I want to know how can be expressed mathematically (if at all!) a certain game mechanic that produces a single number by rolling several dice and making decisions based on the results. I'm lost at how to express it, as it is not a simple linear combination or condition. My intent is to understand well the mathematical expression of the algorithm and to know if it's possible to compute more effectively (by hand and with software) values like expected value and variance, or if it's necessary to just find out the Probability Mass Function for the whole system, and calculate from there.
The mechanic is an attack sequence similar to many RPG games, where a first die roll determines success or failure in an attack, and success means rolling more dice to find how much damage was dealt. It is a tiny bit more involved than typical D&D, but here is a simplified example with some fixed values for simplicity:
- Roll a $20$ sided die, and if the value is $5$ or lower is a miss, but still produces $3$ damage. No need to roll anything more.
- If the previous roll was $6$ or higher it was a hit. Roll a standard $6$ side die, and if a $5$ or $6$ is rolled it was a traumatic hit, otherwise it was a normal hit.
- Roll a $10$ sided die for the amount of damage dealt. If a traumatic hit was rolled before, the damage is multiplied by $3$. Otherwise is just the amount just rolled.
It is reasonably easy to make the PMF for this:
- $25\%$ of chance of failure, which produces a result of $3$.
- 50% of regular hit, which will produce the results from $1$ to $10$ with 5% chance each.
- $25\%$ of the trauma hit, which again is split in the results $3, 6, 9\ldots$ up to $30$ (because it's $1, 2, 3,$ etc. multiplied by $3$), each with $2.5\%$ chance.
Just adding the probabilities of the different outcomes would work, if I'm not mistaken, and from the Probability Mass Function we can get variance and mean, etc.
But since each die individually is much simpler and (mean and variance can be easily obtained), I would like to know if an algorithm like this can be expressed as some sort of combination of its parts in a way that could be simpler and more understandable.
EDIT: To summarize and clarify, I'd like to know if we can write that algorithm as a single random variable $X$ which is a function of the other random variables, using conditionals and linear combinations: the "to hit" roll $H$, the trauma roll $T$ and the damage roll $D$. Something like
$$ X = p_{H \le 5} · 3 + p_{H \ge 6} · D ( p_{T \le 4 } · 1 + p_{T \ge 5} · 3) $$
The above doesn't make entire sense, but it's along the lines of what I was trying to (unsuccessfully) express. If that were possible, I could use for example the propagation formulas for variance to calculate the variance based on the variance of the individual dice rolls. Likewise for expected value, etc. I would not be surprised if this isn't possible, but I need to ask. :-)
Thank you.
At best, your proposed expression for $X$ is highly unusual; I don't think I have ever seen the letter $p$ used this way. Usually $p$ (with or without a subscript) in this context would represent a probability, which is simply a number, not a random variable.
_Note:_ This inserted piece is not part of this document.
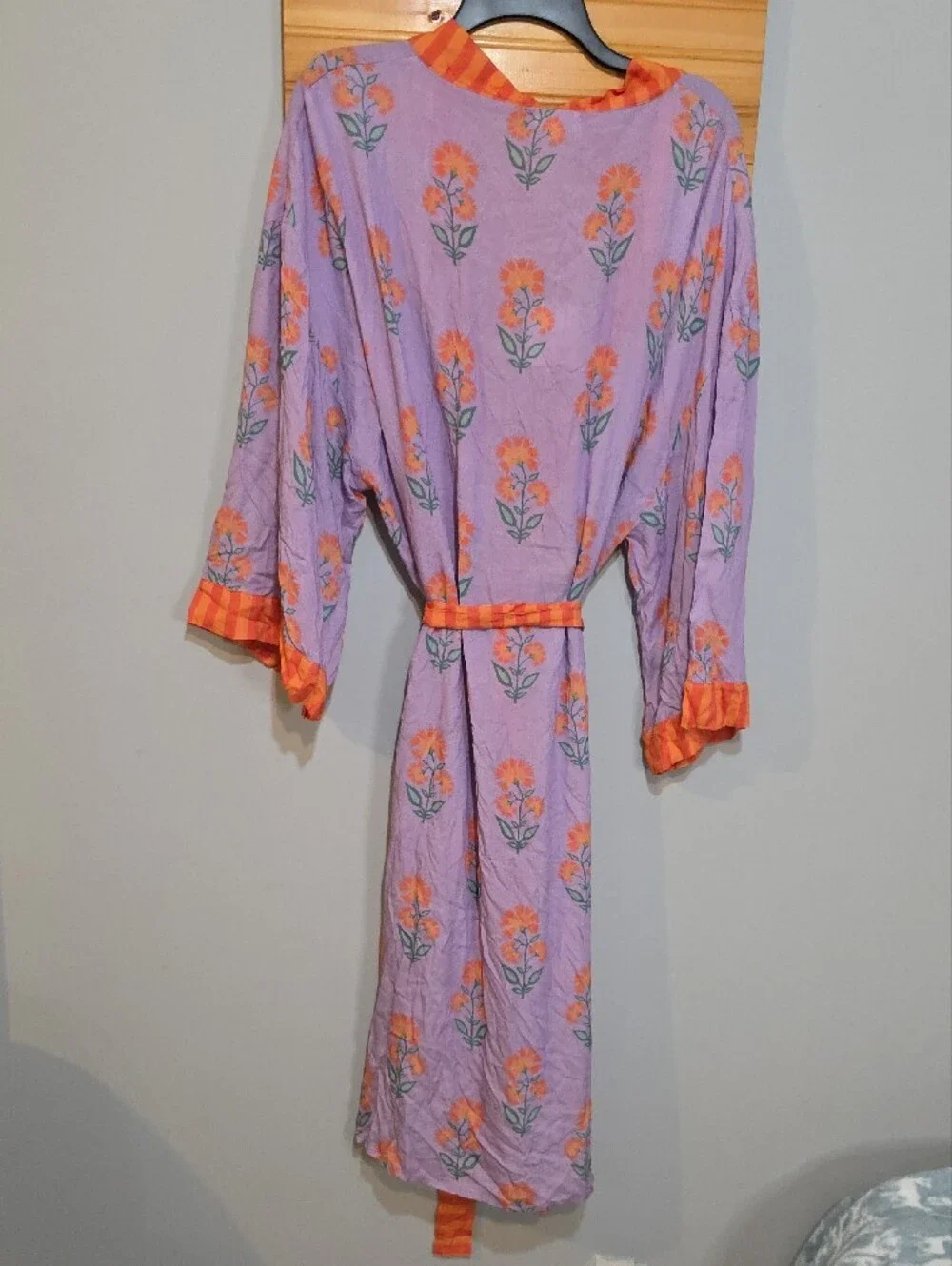 World Market NWT Lavender Floral Kimono Cover Up Orange Trim Sz L/XL Boho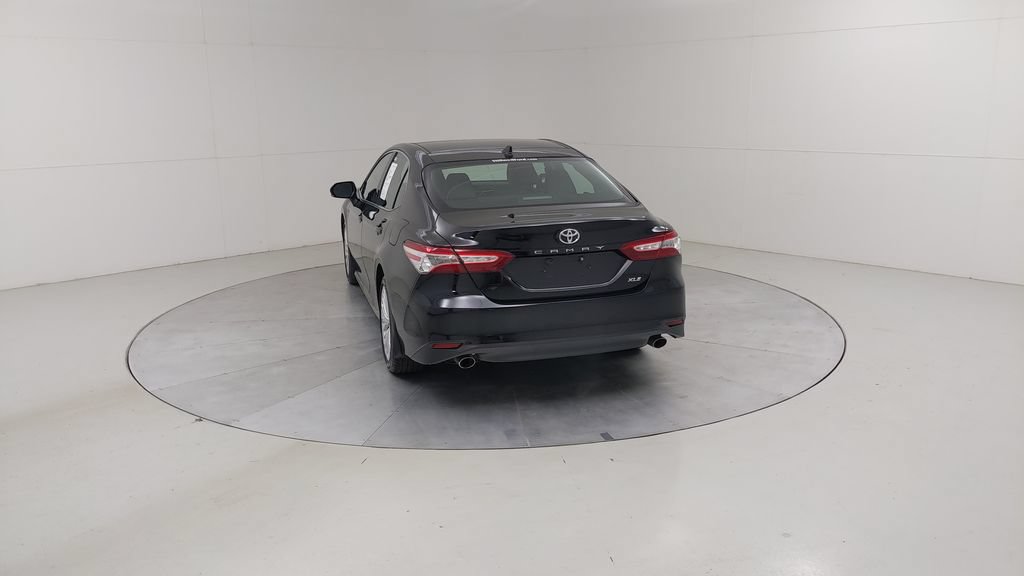 Used 2018 Toyota Camry XLE FWD image 15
I think some form of Iverson brackets would best provide what you are looking for:
$$ [P] = \begin{cases} 1 & \text{if } P \text{ is true;} \\ 0 & \text{otherwise}. \end{cases} $$
Using this notation,
$$ X = [H \leq 5]\cdot 3 + [H \geq 6]\cdot D( [T \leq 4]\cdot 1 + [T \geq 5]\cdot 3).$$
Equivalently,
$$ X = [H \leq 5]\cdot 3 + [H \geq 6 \land T \leq 4]\cdot D + [H \geq 6 \land T \geq 5]\cdot 3D. $$
Note that you could get the same distribution (but perhaps have less fun rolling for damage) if you let
$$ X = [H \leq 5]\cdot 3 + [6 \leq H \leq 15]\cdot D + [H \geq 16]\cdot 3D. $$
Each of these Iverson brackets is a Bernoulli variable, so the expectation is easily computed. For variance, you could use the formula $\operatorname{Var}(X) = \mathbb E(X^2) - (\mathbb EX)^2,$ where
$$ X^2 = [H \leq 5]\cdot 9 + [H \geq 6 \land T \leq 4]\cdot D^2 + [H \geq 6 \land T \geq 5]\cdot 9D^2. $$
You can also use moments of $X$ (expected values of powers of $X$) to compute kurtosis when you want to.